In 1971, time and money ran out, Congress voted, by a majority of one, to stop funding the programme.
As much cash had been spent as the UK contribution to Concorde up to 1982.
Airlines were in a slump, Nixon had to slash spending while remaining popular, (the US was still in Vietnam).
The 2707, along with the space programme took the hit, but fears of excessive layoffs in aerospace and the political implications in vital states like CA, led to the Space Shuttle programme being approved a few months later.
Could the 2707 have been at least a technical success? (The 1973 oil price hike would have done for it in the same way as Concorde sales wise).
Without a prototype flying it's hard to say, it would have been an immensely complex and expensive aircraft to maintain and operate, (basically Concorde X2).
Boeing got the pax capacity right, but not much else, imagine 4x70,000lbs reheated engines on take-off, nearly twice as much as Concorde.
IMHO Lockheed should have got the contract, with a sound design from the start they would probably have got a prototype in the air, at less cost, before the major anti-SST campaigns started.
So even without a service entry (it still would have had all the environmental problems) the US would have had a very valuable research tool.
B747skipper From , joined Dec 1969, posts, RR: Reply 4, posted (11 years 1 month 3 weeks 3 days 9 hours ago) and read 1594 times:
Dear GDB - Thank you -
I live much of that period with hopes - I was a PanAm pilot, going in 1970, with the idea of soon being a SST first officer... then 3 years later in late 1973, going on layoff...
Aviation history though - and the SST - look at movie Space Odyssey 2001. with PanAm space ships - could have been that much too...
UALPHLCS From , joined Dec 1969, posts, RR: Reply 5, posted (11 years 1 month 3 weeks 3 days 8 hours ago) and read 1580 times:
I thank you for the information I've gotten so far.
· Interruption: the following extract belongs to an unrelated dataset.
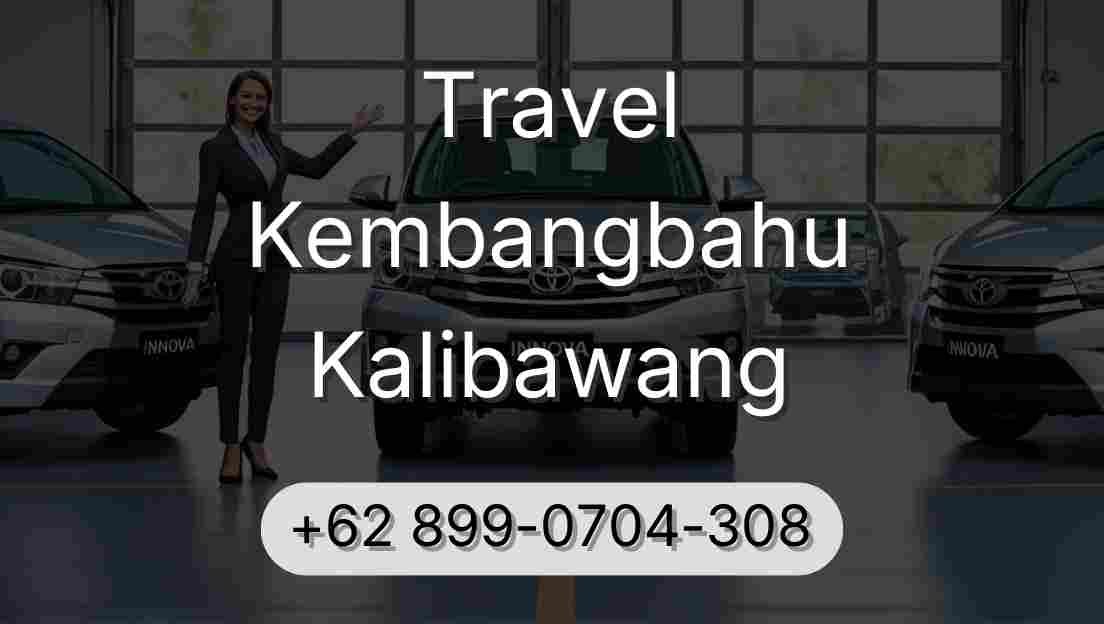Travel Kembangbahu Kalibawang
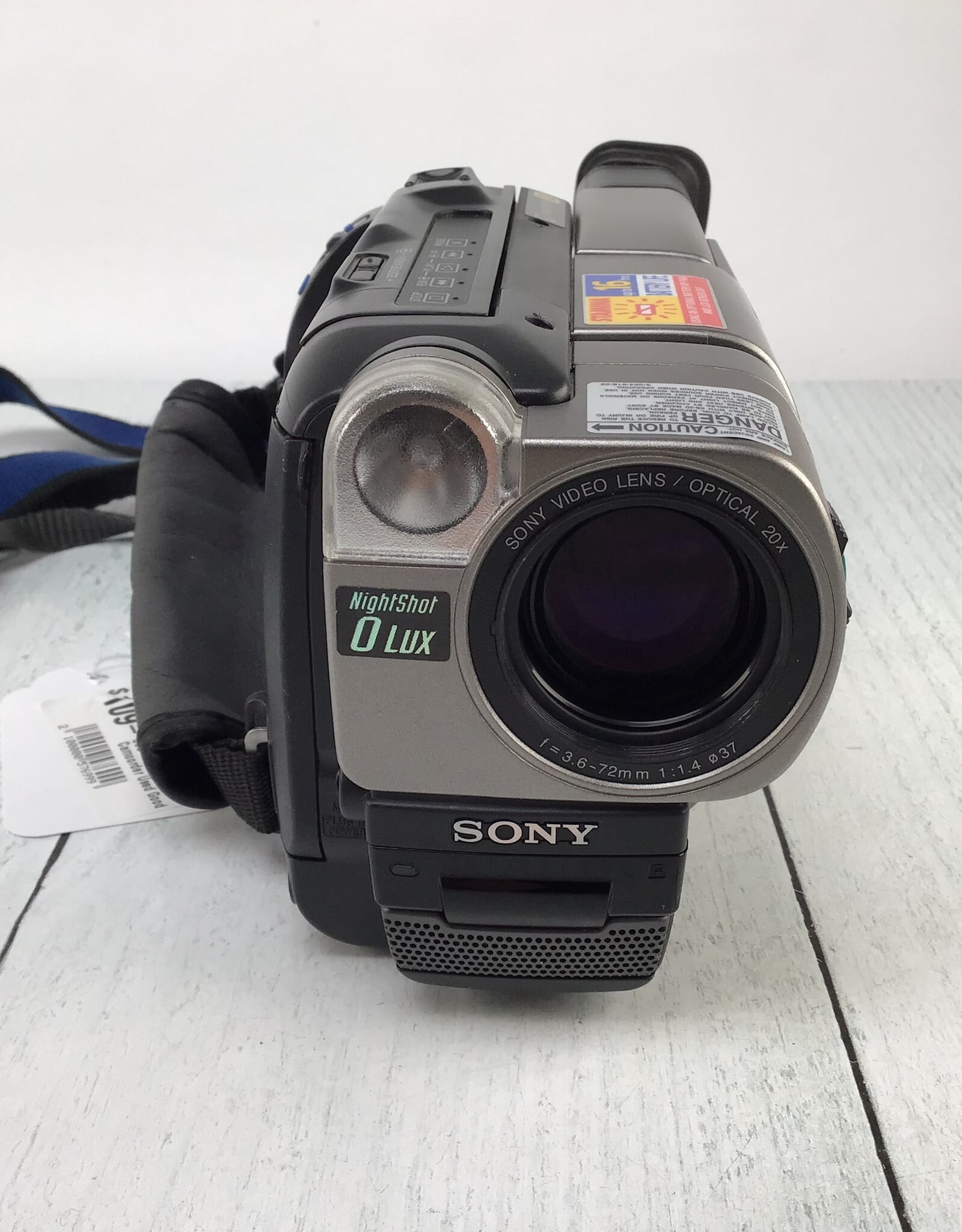 SONY Sony Handycam CCD-TRV57 Camcorder Used Good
The one Link had a pic that detailed where the landing gear would go. Another question answered. But I still can't picture where the pts woudl be for a 250 to 300 passenger airplane.
With the Swingwing or Delta wing and engines in the way, does Concorde or the BSST have a rear pit?
This is also a question about the Sonic Cruiser. W/ the wings and engine pusheed to the back of the fuselage you seem to cut off access to rear pits.
XXXX10 From United Kingdom, joined Jan 2000, 777 posts, RR: 0 Reply 6, posted (11 years 1 month 2 weeks 4 days 16 hours ago) and read 1443 times:
I remember reading that the British and French were quite upset when the 2707 was cancelled. They figured that as Concorde would be in service at least five years before the 2707 that no major airline could remain un-competitive for that long.
When the 2707 did enter service they figured that Concorde would become a niche player.
I have also heard it said that some of the vehement opposition to Concorde landing in the US would not have been there if the 2707 was cancelled.
GDB From United Kingdom, joined May 2001, 12957 posts, RR: 79 Reply 7, posted (11 years 1 month 2 weeks 4 days 13 hours ago) and read 1428 times:
I'd agree that the 2707 cancellation was a negative for Concorde, all the opposition, now emboldened, would focus on the Anglo/French project.
Some of the political opposition to Concorde may have been based on the 2707 loss, but I'm pretty certain that those anti-noise people around JFK would have liked the 2707 even less, it would have been nosier.
A bigger SST market meant more people affected by the aircraft, chopping one project, the one with the bigger Pax capacity, meant niche status for Concorde.
In terms of the airlines who operated it, the niche market became profitable in time, though the manufacturers lost out, which in those days also meant the taxpayer.
But operating such a small specialized fleet today is no easy task, even if only 30 or so Concorde's had entered service with perhaps half a dozen carriers, the job of those at AF and BA on the Concorde operation would be a lot easier.